Jihadistas invadem campo para refugiados e matam 11 civis no norte do Mali

Autoridades alegam que a ação foi uma represália contra jovens que haviam escapado de ataques anteriores

Um grupo de extremistas islâmicos invadiu um campo para refugiados e matou 11 civis no norte do Mali, na última segunda-feira (21). A informação foi divulgada somente dois dias depois por trabalhadores humanitários, de acordo com o site The Defense Post.

O cenário da violência foi o campo de Kadji, próximo à cidade de Gao, a capital regional. Trata-se de uma área com forte presença de grupos extremistas, sendo o mais ativo deles o Estado Islâmico do Grande Saara (EIGS). Entretanto, nenhuma facção assumiu a autoria da ação.

O campo recebe dezenas de milhares de pessoas que fugiram justamente da violência em suas regiões de origem, sendo a maioria proveniente de Tessit.

De acordo com as autoridades malianas, o ataque foi uma represália dos jihadistas porque em Kadji se refugiam muitos jovens que fugiram de ataques anteriores.

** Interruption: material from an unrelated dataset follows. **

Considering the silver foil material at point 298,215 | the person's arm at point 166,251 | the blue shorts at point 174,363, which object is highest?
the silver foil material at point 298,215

“É terrível o que aconteceu”, disse um político local que falou sob condição de anonimato, por razões de segurança. “(O ataque) aconteceu no acampamento para os deslocados, para onde o povo de Tessit tem vindo desde que houve ataques às nossas casas”.

A violência extremista que atinge o Mali gerou dezenas de milhares de refugiados internos nos últimos anos, de acordo com a ONU (Organização das Nações Unidas). Somente em Gao foram registrados cerca de 60 mil deslocados.

Soldados do exército do Mali durante o golpe de Estado de 2012 (Foto: Wikimedia Commons()
Por que isso importa?

O Mali vive um período de instabilidade que começou com o golpe de Estado em 2012, quando vários grupos rebeldes e extremistas tomaram o poder no norte do país. De quebra, a nação, independente desde 1960, viveu em maio de 2021 o terceiro golpe de Estado em um intervalo de apenas dez anos, seguindo o que já havia ocorrido em 2012 e também em 2020.

A mais recente turbulência política começou semanas antes do golpe, com a demissão do primeiro-ministro Moctar Ouane pelo presidente Bah Ndaw. Reconduzido ao cargo pouco depois, Ouane não conseguiu formar um novo governo, e a tensão aumentou com a falta de pagamento dos salários dos professores. O maior sindicato da categoria, então, começou a se preparar para uma greve.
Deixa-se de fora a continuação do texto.